Hypergrid, or how to teleport between WORLDS using OpenSim
[Update 20090106: Corrected information about names after hypergrid tp, added two captures]
This post presents a user experience with Hypergrid, a technology included in OpenSim that allows teleports between virtual worlds (or grids), and includes also a short tutorial so that you can try it yourself, link your virtual world with your friends’ worlds, etc. It assumes a minimal working knowledge of OpenSim, at the level described in my previous post. Yes, yes, I know, after a “Installing OpenSim” post there should come another titled “Saving our database” or “Our first Grid” — but I’m doing that for fun, ok? :-)
Why Hypergrid matters
Hypergrid represents a radical change in the model for 3D online OpenSim-compatible virtual worlds. Up to now, we’ve been used to big, monolithic worlds (like Second Life or OSGrid), modelled under the metaphor of a flat, grid-like world (hence the term grid). The world is made of pieces called islands or regions which occupy a place in the grid determined by two integer coordinates, and these in turn determine the visibility between islands. Thus, if island A is at (1000,1000) and island B is at (1001,1000), A and B share a border: the east of A is the west of B.
This “big world” model has several problems: big worlds don’t scale well, the data is in the hands of the service provider, not the customer, and it’s easy to for the service providers to scam their customers. Besides, if OpenSim has to become the 3D web, one doesn’t understand clearly why having some islands (= having a web) should imply having neighbours or occupying a position in a vaster plane — there’s no notion of “neighbour web” in the WWW.

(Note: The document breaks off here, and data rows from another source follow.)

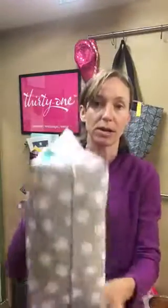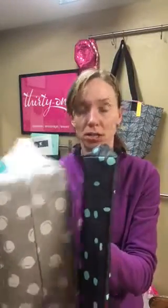Our thermal tote is about four to six inches across the bottom, and this little guy is smaller. So again, this is another great option for a thermal inside a bag, just to keep your goodies nice and cool. You'll be able to get these later in December. Have a 30-wonderful day. Bye!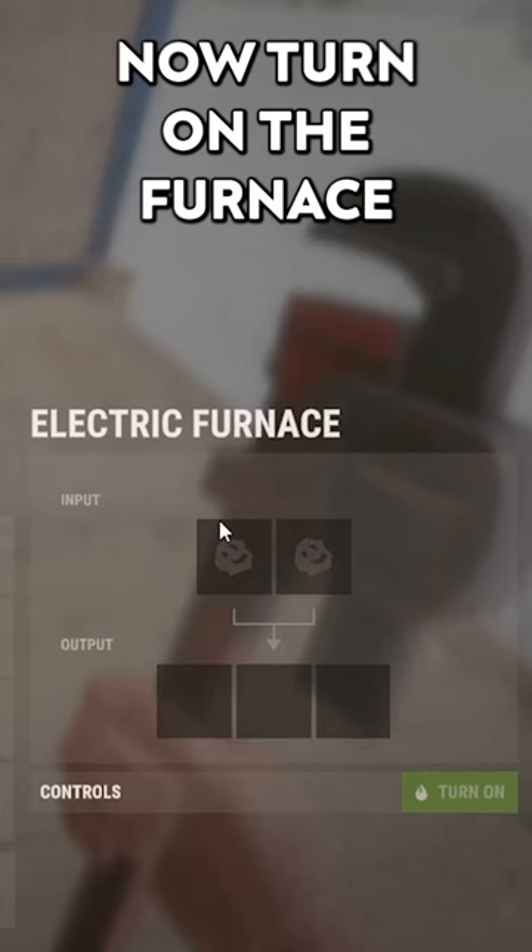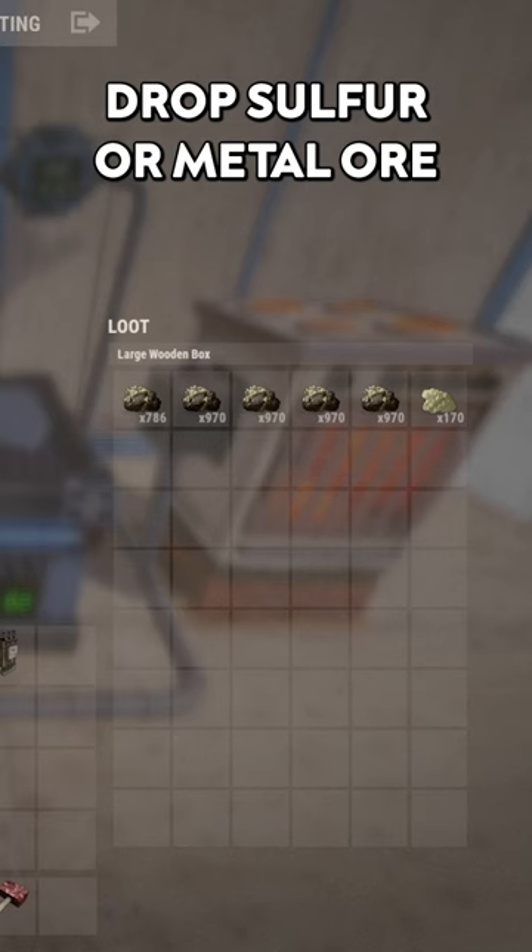Now turn on the furnace and the conveyor, drop sulfur or metal in the box, and easy done!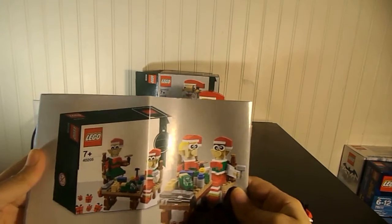Whatever you want to do. If you're an adult, this might be a fun set to give somebody for Christmas — an adult you know that likes LEGO. It's a fun build and it's easy. It's a good decoration.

Enter HyperGrid. HyperGrid allows us to work with a completely different model, what we could call a “small world” model. Everybody can have a world, a grid, in the same way that everybody can have a web. You, your community, your employer, whomever. And, as webs are linked using HTTP links, so grids are linked using HyperGrid. Easy, no?
Therefore HyperGrid matters. Indeed, it matters a lot. A hypergrided universe is a universe in which you can have your own world, take your own backups, create your own contents and save it to your HD, invite your friends… and still not be isolated.
To be fair, the technology has its problems. For example, DRM as we know it today cannot work, and there also are some security concerns. Anyway, these problems will most probably be tackled, one way or another.
A question of names
Let’s say that I’m called Jane Doe in world A, and I’m teleporting to world B. What should be my name in world B? To make sense of that question, think that an avatar called Jane Doe could already have been created in world B! For example, I am Zonja Capalini in Second Life, Open Life and the Rezzable PGA; if these worlds became hypergrided, it’s conceivable that the Zonja Capalini of Second Life wanted to attend a party at Rezzable — please note that this involves a hypergrid teleport, and is different from logging in directly to rezzable. :-)
Additionally, when an avatar rezzes at world B, it would be nice if there was a way to identify where (i.e., which world) did this avatar come from. For example, it could well be that avatars coming from, say, LLmafia.org had a bad reputation, or that avatars from lively.com had no genitalia, etc. So, knowing where does a foreing avie come from is important.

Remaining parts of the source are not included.